Déjà considérée comme « pressée de maisons et fort peuplée »  au milieu du XVIe siècle, Saint-Malo étouffe littéralement dans ses murs à la fin du siècle suivant. Encerclée par la mer, disposant de moins de 16 ha de territoire urbain, la population intra muros compte alors plus de 20 000 habitants. Aussi, la vie industrielle et commerciale s’affranchit de son rocher au cours du XVIIe siècle et colonise tout le pourtour du port d’échouage. Le cordon dunaire qui mène du Sillon à Rocabey accueille des moulins puis des chantiers navals cependant qu’au centre du port d’échouage, les îlots des Talards, où l’on construit des navires, voient s’établir, à la fin du siècle, deux grandes corderies. Cette famine d’espace profite à Saint-Servan qui se développe alors rapidement en accueillant entrepôts et chantiers de construction, ainsi qu’un hôpital général. 

Si, à la fin du siècle, la ville est bien protégée des attaques venues de la mer grâce aux travaux conduits entre 1689 et 1695 par le marquis de Vauban, elle reste en revanche sans défense pour un ennemi venu de terre. Vauban établit donc en 1696 un plan ambitieux de création d’un bassin à flot, isolé par une écluse et protégé par une enceinte fortifiée, mais l’hostilité des Malouins fait échouer ce très complexe projet qui ne sera finalement et partiellement mis à exécution qu’au XIXe puis au XXe siècle. 

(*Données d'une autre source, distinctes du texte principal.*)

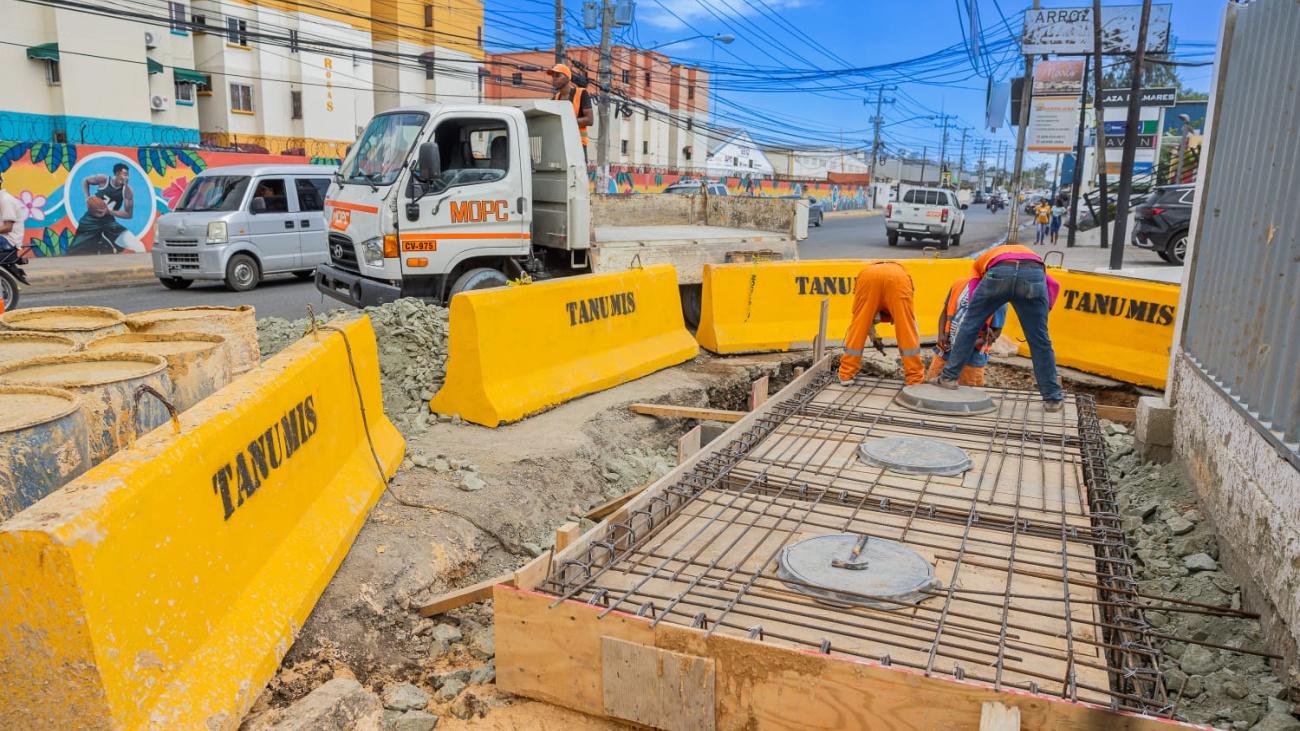 42d47832-d6ff-4f8d-bb81-6692cdb39169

Fuyant l’exiguïté de l’intra muros et rachetant les manoirs de la campagne malouine, les armateurs les plus prospères ont pris dès 1650 l’habitude de faire construire autour de Saint-Malo de grandes résidences secondaires cachées derrière de hauts murs. Bâties en nombre croissant après 1700, ces malouinières de granit marquent aujourd’hui encore l’urbanisation de la campagne cernant la cité corsaire.